CPU times: total: 46.9 ms
Wall time: 97.1 ms


In [20]:
%%time

# fit the model
history = model.fit(X_train, y_train, validation_data=(X_test, y_test), epochs=20, batch_size=100, callbacks=[Metrics()])


Epoch 1/20
val_recall: 1.0
Epoch 2/20
val_recall: 1.0
Epoch 3/20
val_recall: 1.0
Epoch 4/20
val_recall: 1.0
Epoch 5/20
val_recall: 1.0
Epoch 6/20
val_recall: 1.0
Epoch 7/20
val_recall: 1.0
Epoch 8/20
val_recall: 1.0
Epoch 9/20
val_recall: 1.0
Epoch 10/20
val_recall: 1.0
Epoch 11/20
val_recall: 1.0
Epoch 12/20
val_recall: 1.0
Epoch 13/20
val_recall: 1.0
Epoch 14/20
val_recall: 1.0
Epoch 15/20
val_recall: 1.0
Epoch 16/20
val_recall: 1.0
Epoch 17/20
val_recall: 1.0
Epoch 18/20
val_recall: 1.0
Epoch 19/20
val_recall: 1.0
Epoch 20/20
val_recall: 1.0
CPU times: total: 2.17 s
Wall time: 4.46 s


In [21]:
%%time

# fit the model
history = model.fit(X_train, y_train, validation_data=(X_test, y_test), epochs=20, batch_size=100)

Epoch 1/20
Epoch 2/20
Epoch 3/20
Epoch 4/20
Epoch 5/20
Epoch 6/20
Epoch 7/20
Epoch 8/20
Epoch 9/20
Epoch 10/20
Epoch 11/20
Epoch 12/20
Epoch 13/20
Epoch 14/20
Epoch 15/20
Epoch 16/20
Epoch 17/20
Epoch 18/20
Epoch 19/20
Epoch 20/20
CPU times: total: 359 ms
Wall time: 1.1 s


In [22]:
y_pred = model.predict(X_test)
y_pred = (y_pred > 0.5)

c_matrix = confusion_matrix(y_test, y_pred)
TP = c_matrix[1][1]
TN = c_matrix[0][0]
FP = c_matrix[0][1]
FN = c_matrix[1][0]
performance = pd.concat([performance, pd.DataFrame({'model':"Deep Neural Network", 
                                                    'Accuracy': [(TP+TN)/(TP+TN+FP+FN)],  
                                                    'Recall': [TP/(TP+FN)], 
                                                    'F1': [2*TP/(2*TP+FP+FN)]
                                                     }, index=[0])])
performance



Unnamed: 0,model,Accuracy,Precision,Recall,F1
0,LR,0.916667,0.938144,0.928571,0.933333
0,SVM,0.628205,0.628205,1.0,0.771654
0,Decision Tree,0.923077,0.93,0.94898,0.939394
0,Neural Network Randomized search,0.794872,,0.693878,0.809524
0,Neural Network Grid search,0.628205,,1.0,0.771654
0,Deep Neural Network,0.660256,,0.989796,0.785425


#### Looking at the performance metric dataframe we can see that the highest recall score of 100 percent is of SVM and Neural Network model.

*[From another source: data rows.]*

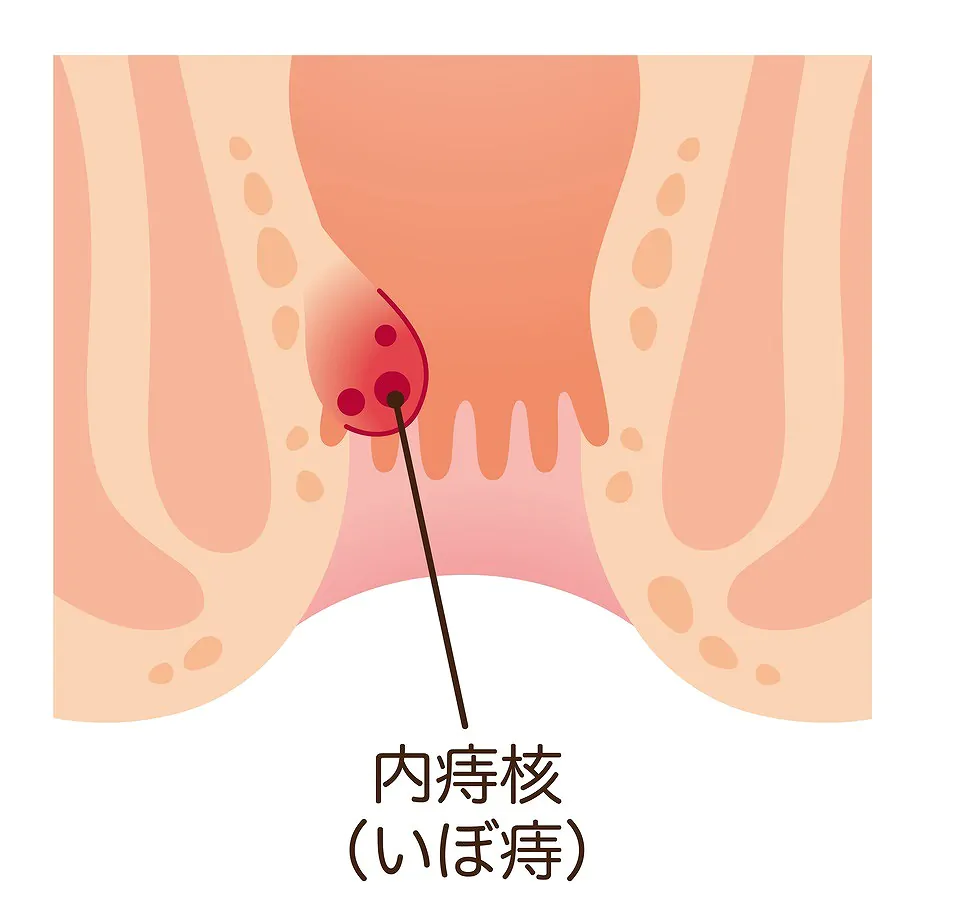 内痔核（いぼ痔）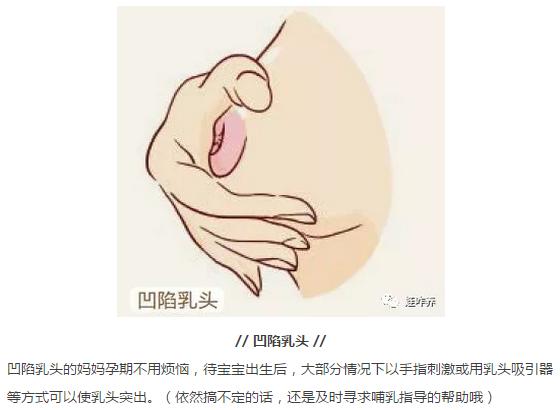 怀孕前兆乳房头图片图片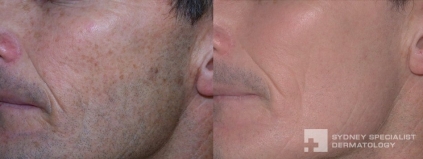 Click on image to enlarge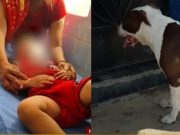 Hualmay: menor de 2 años que fue atacada por pitbull fue sometida a intervención quirúrgica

Although these model  has the low accuracy, precision and F1 score.  We know that no model can predict anything with 100 percent accuracy and the same goes for these models also.

#### Overall we can say that DNN model is the best model for predicting that if a person is at the risk of getting Diabetes as it has a recall score of 98.9 percent.